I heard you can you use BSN's Cell Mass and NO-xplode together but I was wondering what is the best way?

Cell Mass you take 2x a day,  1 serv after lifting and 1 serving either 6 hours prior or after the lifting serving.

No-xplode you take 2x a day,  1 serving about an hour prior to lifting and 1 serving either 6 hour prior or after the lifing serving.

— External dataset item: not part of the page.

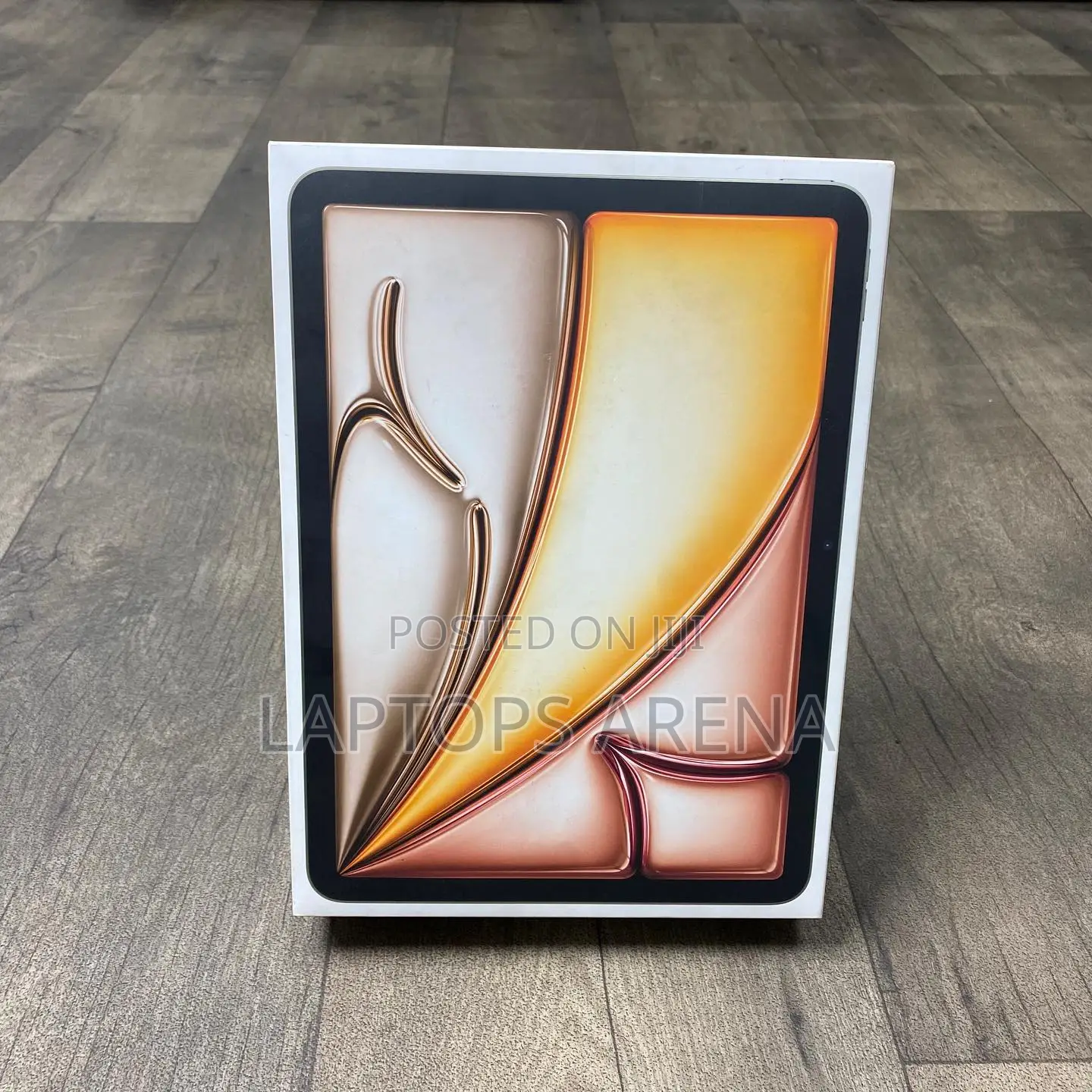 New Apple iPad Air 128 GB Silver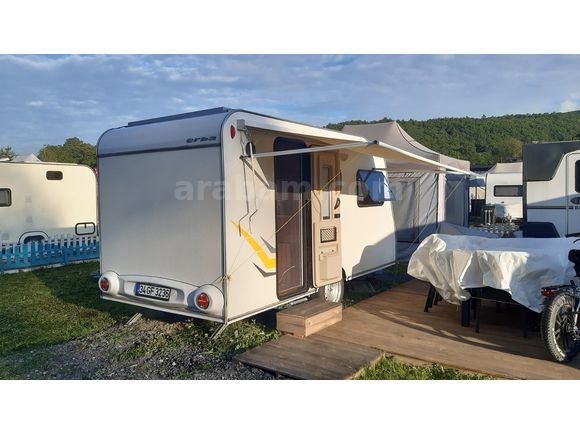 Sahibinden Karavan, Tatile yapmaya hazır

** so if you took these products together how would you stack them on training and non training days...........


----------



## Curlingcadys (Jan 14, 2005)

Kwan YI said:
			
		

> I heard you can you use BSN's Cell Mass and NO-xplode together but I was wondering what is the best way?
> 
> Cell Mass you take 2x a day,  1 serv after lifting and 1 serving either 6 hours prior or after the lifting serving.
> 
> ...


 heard they stack pretty good one directly on top of the other in the garbage.
 just hear say though.


----------



## Kwan YI (Jan 14, 2005)

LOL!!!!


I have been getting mixed reviews from people on NO-xplode but Cell Mass a lot of people seem to like, I believe it is comparable to CEX!


----------



## Curlingcadys (Jan 14, 2005)

like I said just hearsay I can't speak for cell mass just no xplode. glad you got a sense of humor!


----------



## Cold Iron (Jan 14, 2005)

Kwan YI said:
			
		

> I heard you can you use BSN's Cell Mass and NO-xplode together but I was wondering what is the best way?
> 
> Cell Mass you take 2x a day,  1 serv after lifting and 1 serving either 6 hours prior or after the lifting serving.
> 
> ...




Are these not 2 creatine based products? If so, waste of time


----------



## Flakko (Jan 14, 2005)

*No-Explode*

LOL, one on top of the other!!!

I've heard NO-Explode taste nasty as hell!!!
I was about to try, but since I heard that, I'mma try plain L-Arginine powder.


----------